**EXERCISE INSTRUCTIONS:**
Sort through the listing below and keep each line with the word "Image". Copy those.

*** Opening DATA EXTRACTS ***

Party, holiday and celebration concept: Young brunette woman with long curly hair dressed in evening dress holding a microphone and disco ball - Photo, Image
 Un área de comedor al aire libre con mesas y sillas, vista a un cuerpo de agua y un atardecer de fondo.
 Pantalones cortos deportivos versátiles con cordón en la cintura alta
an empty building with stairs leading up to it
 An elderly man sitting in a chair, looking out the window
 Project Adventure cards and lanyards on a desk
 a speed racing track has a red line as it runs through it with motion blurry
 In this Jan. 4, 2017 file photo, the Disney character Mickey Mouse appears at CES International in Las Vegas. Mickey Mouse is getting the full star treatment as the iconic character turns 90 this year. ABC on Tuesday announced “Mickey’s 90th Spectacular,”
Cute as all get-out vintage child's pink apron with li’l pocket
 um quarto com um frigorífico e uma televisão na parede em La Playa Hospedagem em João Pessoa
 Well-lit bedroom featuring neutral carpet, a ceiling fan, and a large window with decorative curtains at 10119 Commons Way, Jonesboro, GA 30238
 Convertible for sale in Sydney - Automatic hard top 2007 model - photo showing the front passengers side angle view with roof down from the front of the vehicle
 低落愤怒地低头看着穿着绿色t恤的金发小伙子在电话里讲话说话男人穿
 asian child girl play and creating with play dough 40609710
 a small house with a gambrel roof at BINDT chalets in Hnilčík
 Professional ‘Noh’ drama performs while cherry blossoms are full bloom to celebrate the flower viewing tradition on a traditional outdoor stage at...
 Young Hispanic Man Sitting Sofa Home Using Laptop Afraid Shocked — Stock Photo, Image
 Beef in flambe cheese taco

*** Closing DATA EXTRACTS ***

**RESULT OF THIS EXERCISE:**
Party, holiday and celebration concept: Young brunette woman with long curly hair dressed in evening dress holding a microphone and disco ball - Photo, Image
 Young Hispanic Man Sitting Sofa Home Using Laptop Afraid Shocked — Stock Photo, Image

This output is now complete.